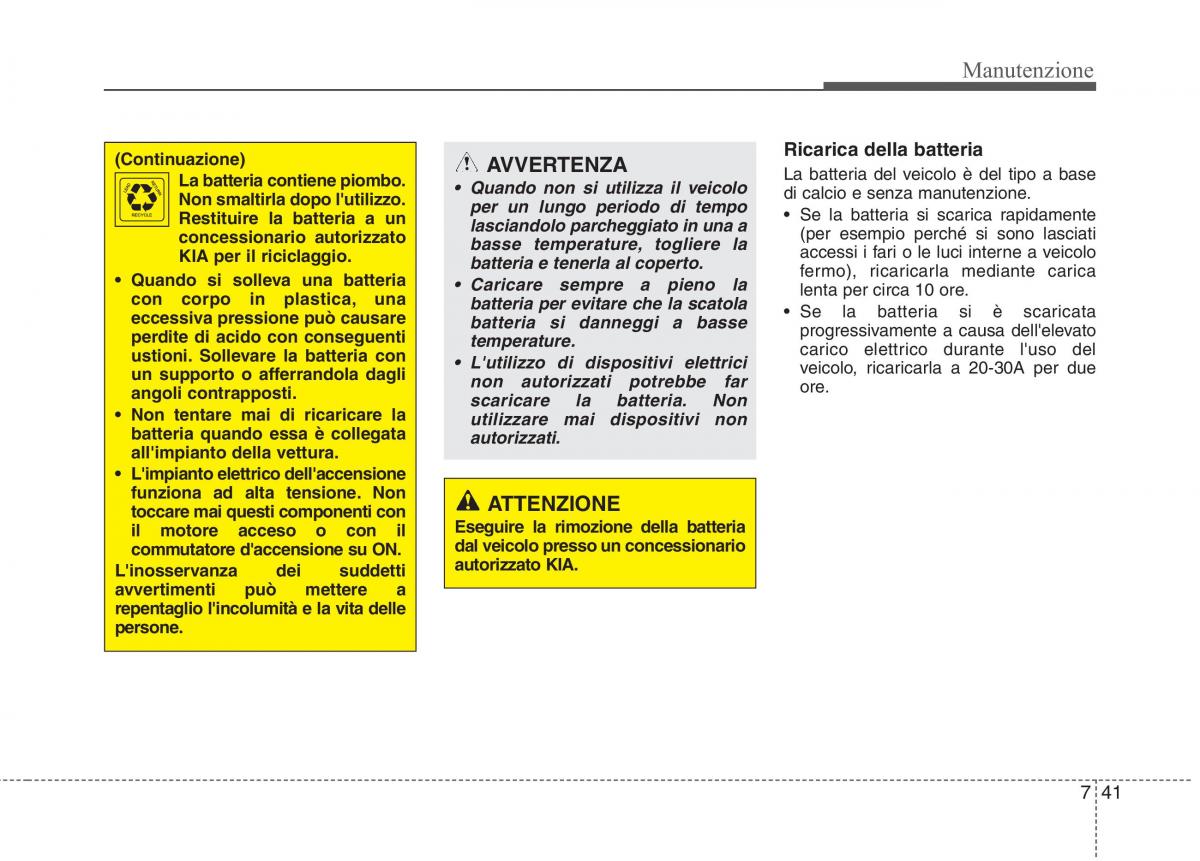 KIA Picanto II 2 manuale del proprietario / page 369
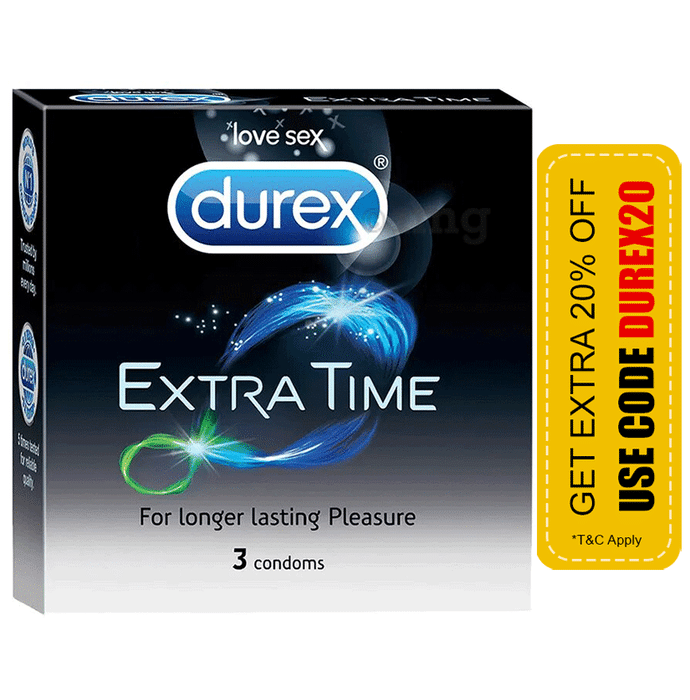 Durex Extra Time Condom Condom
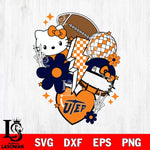 UTEP Miners Hello Kitty NCAA 2 Svg Eps Dxf Png File, Digital Download, Instant Download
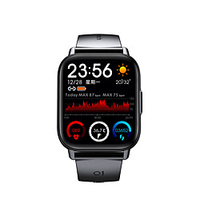 QS16 Pro Long Battery-life Smartwatch for Apple/ Android Phones,  1.69-inch Sports Tracker Support Heart Rate / Blood Pressure Measure miniinthebox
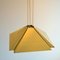 Brass Square Adjustable Pendant from Dijkstra, 1970s, Image 3
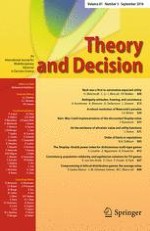 Theory and Decision 3/2016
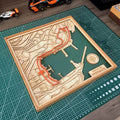 Shanghai Circuit Wall Art | Laser Engraved Wood • Chinese GP • Motorsport Gift - The Card Collective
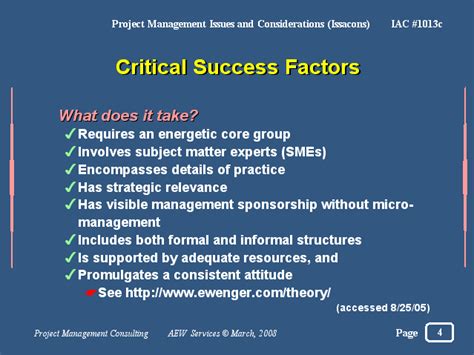 Critical Success Factors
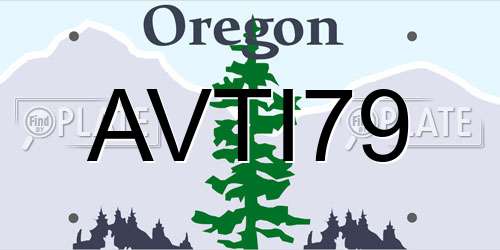 AVTI79 Oregon License Plate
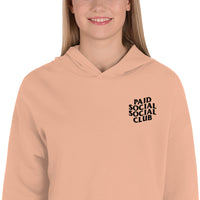 Embroidered Paid Social Social Club Crop Hoodie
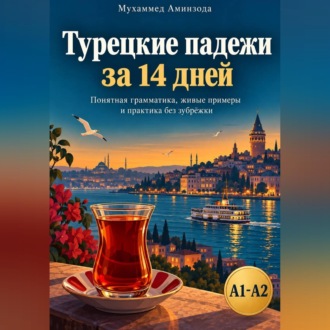 Обложка книги «Турецкие падежи за 14 дней: понятная грамматика, живые примеры и практика без зубрёжки»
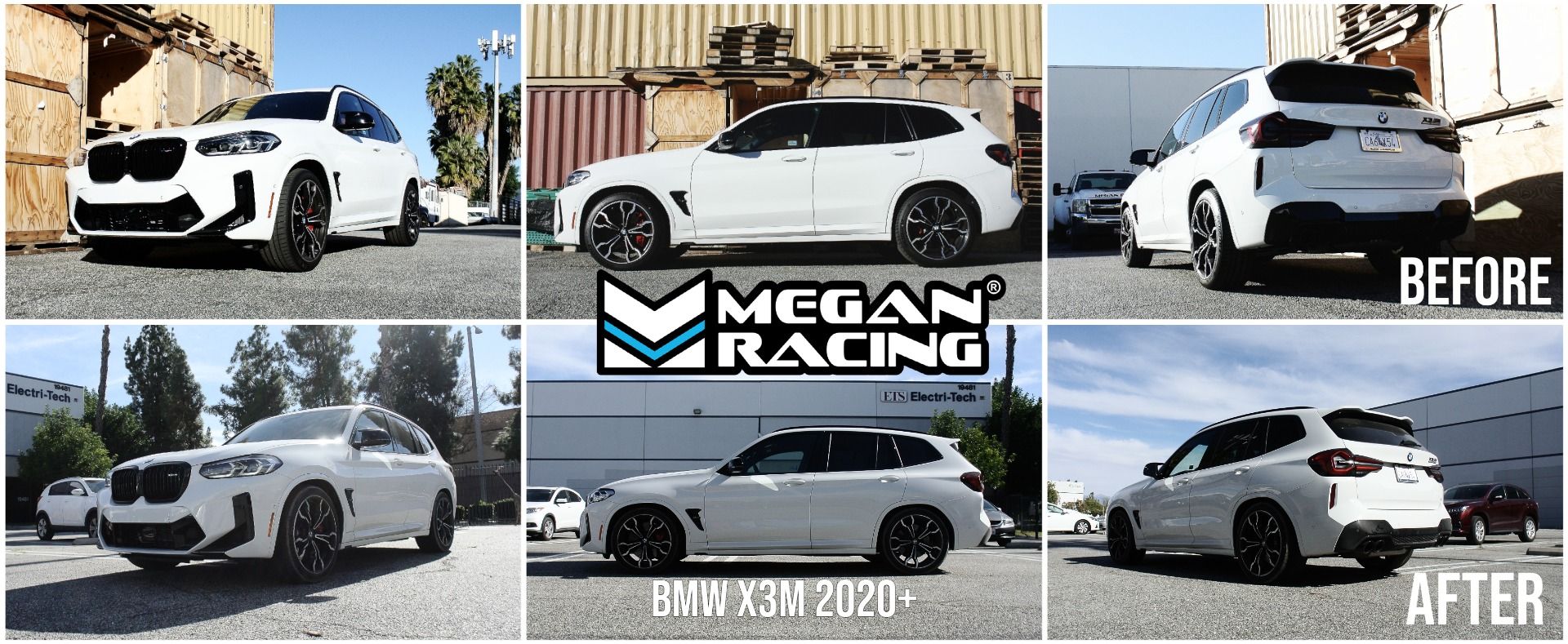 Megan Racing Lowering Springs for BMW X3M/X4M (F97/F98) 2019+ -20mm Drop, SAE 9254 Cold Wound Steel - MR-LS-BF98X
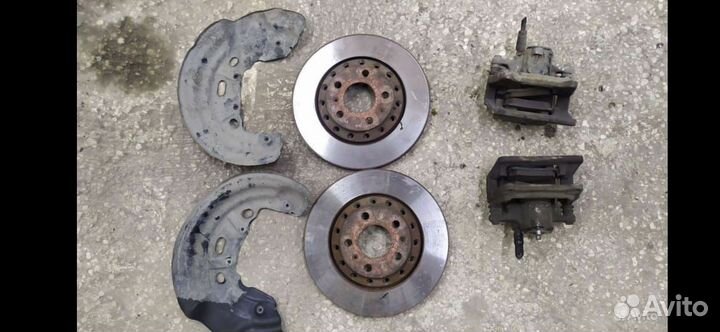 Комплект задних тормозов Ауди а8d3 310мм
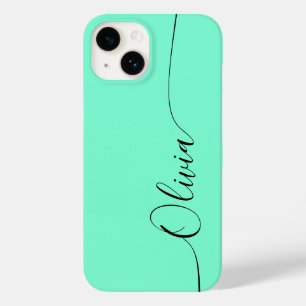 Funda Para iPhone 14 De Case-Mate Nombre del guión de la caligrafía elegante de colo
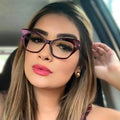 New Fashion Custom Cat Eye Optical Frames Retro Women 2022 Newest Trendy Wholesale Men Eyeglasses Frames Optical Glasses 2022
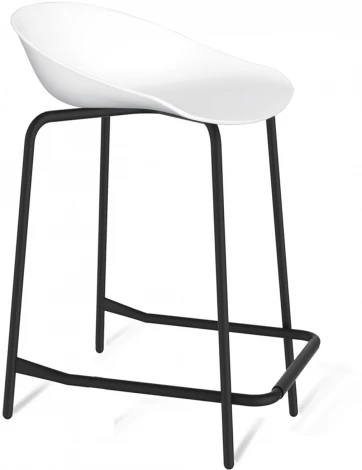 Стул полубарный SHT-ST19/S29-1 белый/черный муар Sheffilton 2424923602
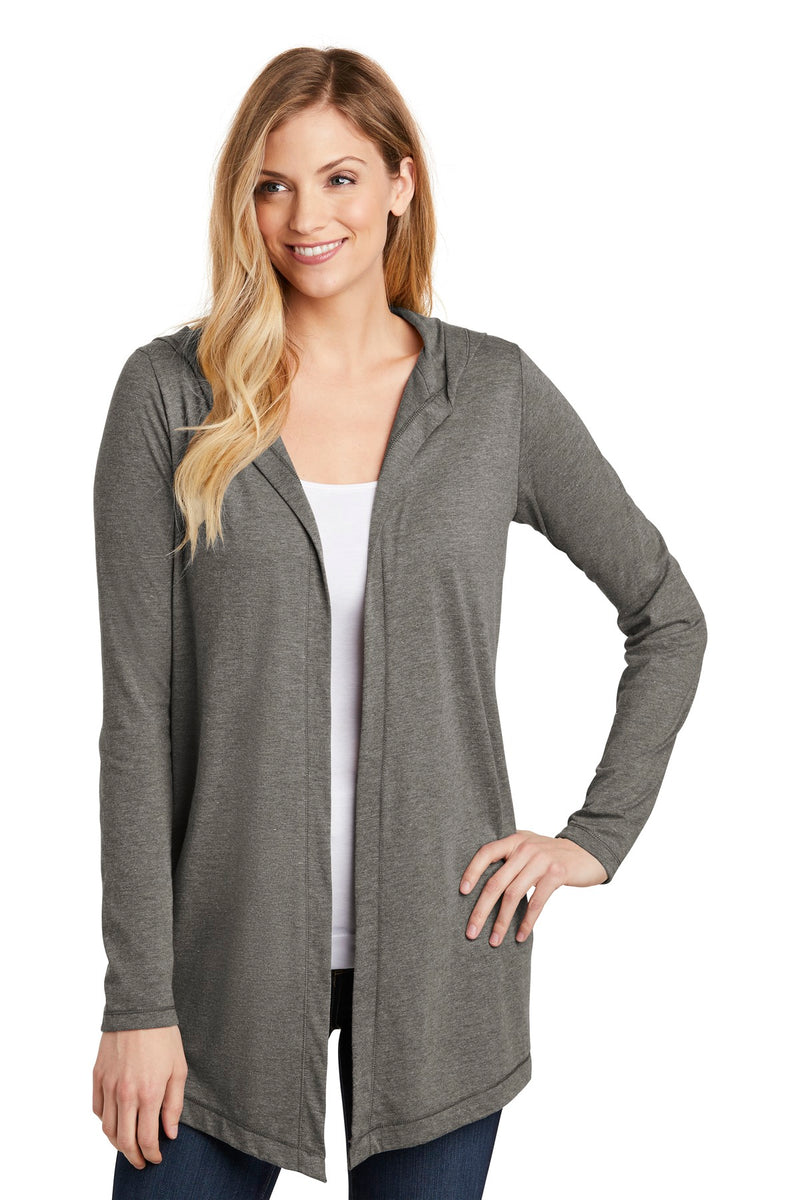 Load image into Gallery viewer, District  Women&#39;s Perfect Tri  Hooded Cardigan. DT156
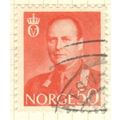 Norway 1959 - 50ore yellowish brown - King Olav...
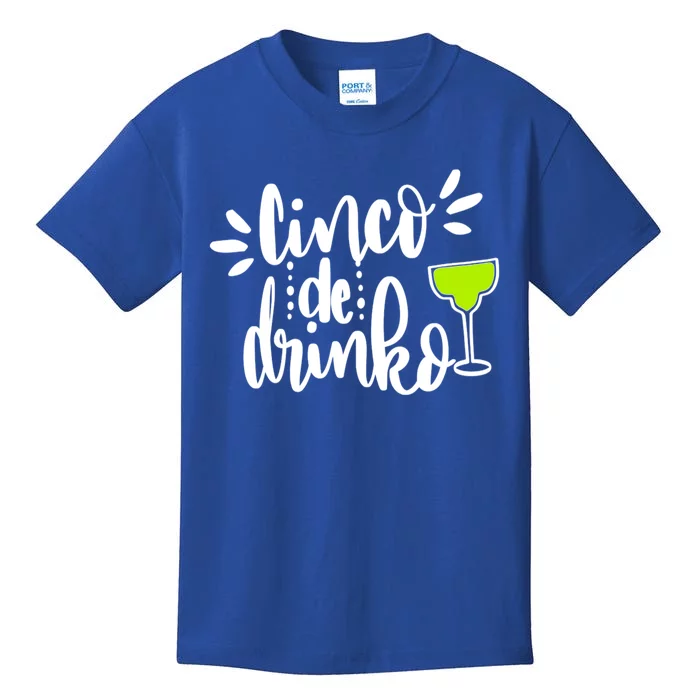 Cinco De O Letters Cute Margarita Cocktail Graphic Gift Kids T-Shirt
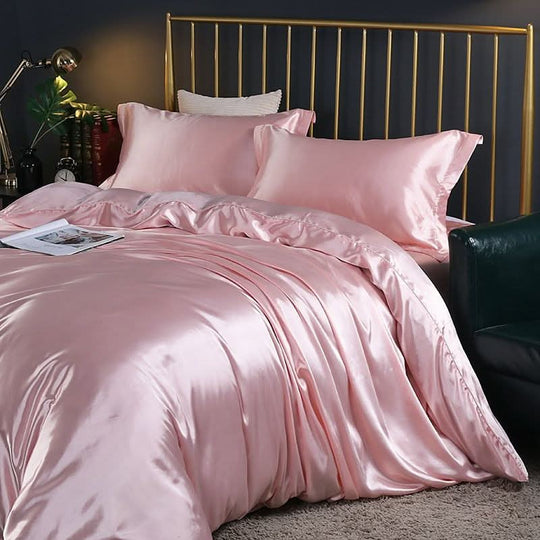 Ensemble de Linge de Lit Chic avec Housse de Couette et Taies d'Oreiller 1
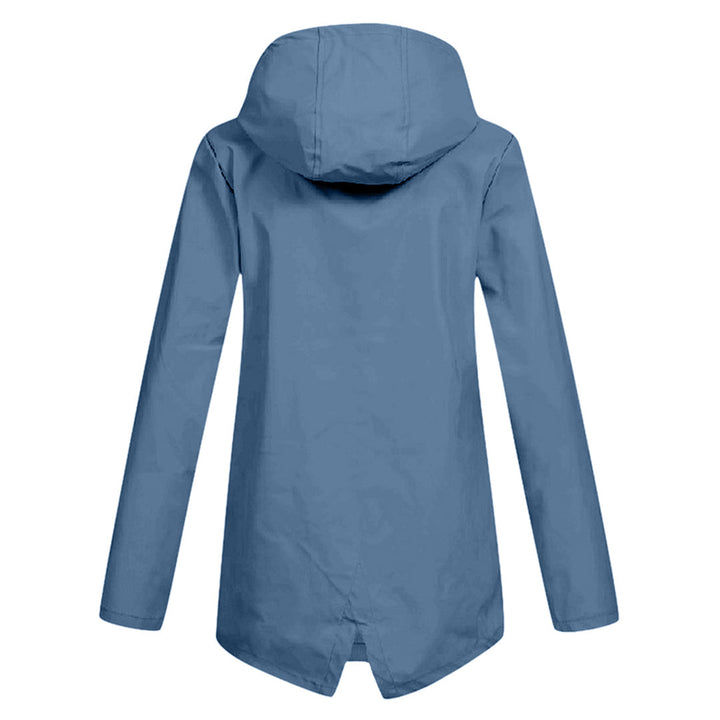Dasha – Lange Regenjas met Capuchon voor Dames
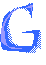 GIF animado (28108) Letra g mayuscula azul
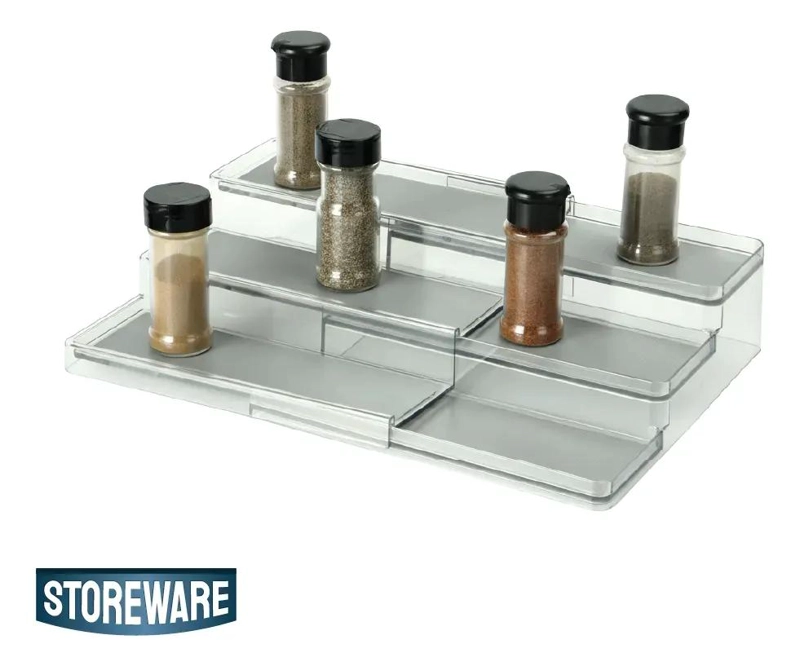 ORGANIZADOR EXTENSIBLE DE 3 NIVELES EN COLOR BLANCO PARA ALMACENAMIENTO - 2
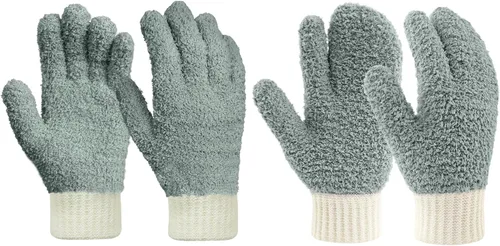 Miniatura 8 de MIG4U Guantes de limpieza de microfibra para el hogar, guantes para limpiar persianas, ventanas, contraventanas, muebles y coche, reutilizables, sin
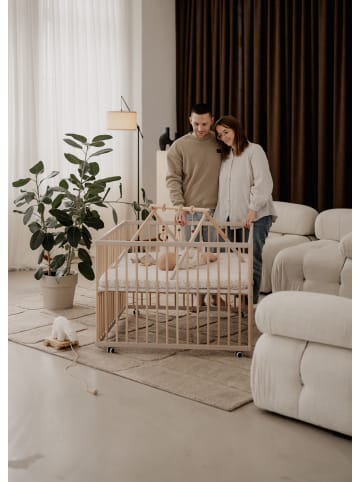 Sämann Sämann Laufgitter XXL Matratze Cloud Air sahara dust/natur Premium Kollektion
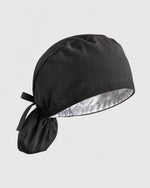 Premium Satin-Lined Scrub Cap Charcoal - Scrubloop
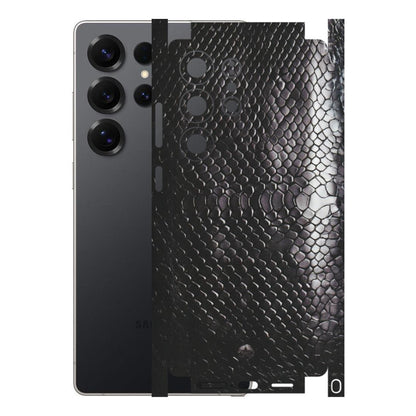 Samsung A/S Series Phone Skins (All Models) - Black Snack Leather - Matte Finish (M-147) Samsung Galaxy S25 Ultra (5G)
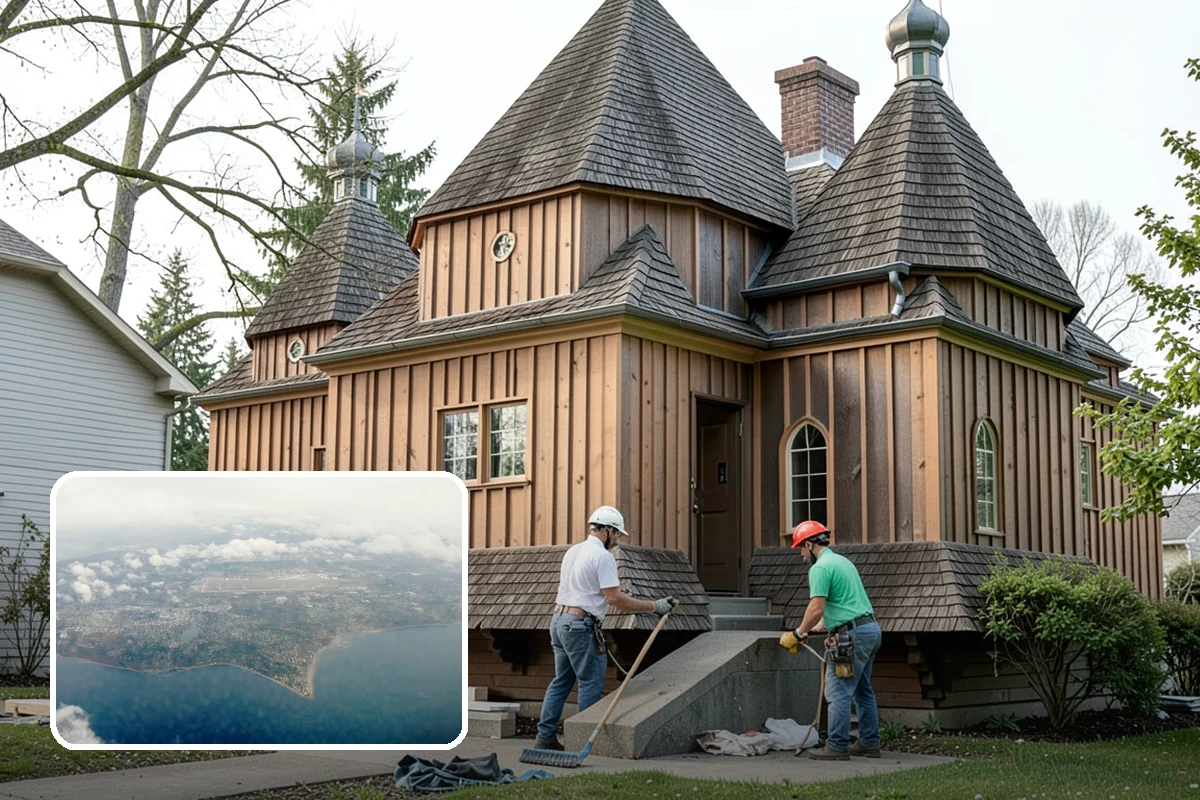 Fireplace Mantel Installation in Burien, King County, WA - A striking focal point for your living space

Task item:
Output the data above exactly, excluding images.

Task output:
 KIA Picanto II 2 manuale del proprietario / page 369
 Durex Extra Time Condom Condom
 UTEP Miners Hello Kitty NCAA 2 Svg Eps Dxf Png File, Digital Download, Instant Download
 QS16 Pro Long Battery-life Smartwatch for Apple/ Android Phones,  1.69-inch Sports Tracker Support Heart Rate / Blood Pressure Measure miniinthebox
 Brass Square Adjustable Pendant from Dijkstra, 1970s, Image 3
 Theory and Decision 3/2016
 Shanghai Circuit Wall Art | Laser Engraved Wood • Chinese GP • Motorsport Gift - The Card Collective
 Critical Success Factors
 AVTI79 Oregon License Plate
 Embroidered Paid Social Social Club Crop Hoodie
 Обложка книги «Турецкие падежи за 14 дней: понятная грамматика, живые примеры и практика без зубрёжки»
 Megan Racing Lowering Springs for BMW X3M/X4M (F97/F98) 2019+ -20mm Drop, SAE 9254 Cold Wound Steel - MR-LS-BF98X
 Комплект задних тормозов Ауди а8d3 310мм
 Funda Para iPhone 14 De Case-Mate Nombre del guión de la caligrafía elegante de colo
 New Fashion Custom Cat Eye Optical Frames Retro Women 2022 Newest Trendy Wholesale Men Eyeglasses Frames Optical Glasses 2022
 Стул полубарный SHT-ST19/S29-1 белый/черный муар Sheffilton 2424923602
 Load image into Gallery viewer, District  Women&#39;s Perfect Tri  Hooded Cardigan. DT156
 Norway 1959 - 50ore yellowish brown - King Olav...
 Cinco De O Letters Cute Margarita Cocktail Graphic Gift Kids T-Shirt
 Ensemble de Linge de Lit Chic avec Housse de Couette et Taies d'Oreiller 1
Dasha – Lange Regenjas met Capuchon voor Dames
 GIF animado (28108) Letra g mayuscula azul
 ORGANIZADOR EXTENSIBLE DE 3 NIVELES EN COLOR BLANCO PARA ALMACENAMIENTO - 2
 Miniatura 8 de MIG4U Guantes de limpieza de microfibra para el hogar, guantes para limpiar persianas, ventanas, contraventanas, muebles y coche, reutilizables, sin
 Sämann Sämann Laufgitter XXL Matratze Cloud Air sahara dust/natur Premium Kollektion
 Premium Satin-Lined Scrub Cap Charcoal - Scrubloop
 Samsung A/S Series Phone Skins (All Models) - Black Snack Leather - Matte Finish (M-147) Samsung Galaxy S25 Ultra (5G)
 Fireplace Mantel Installation in Burien, King County, WA - A striking focal point for your living space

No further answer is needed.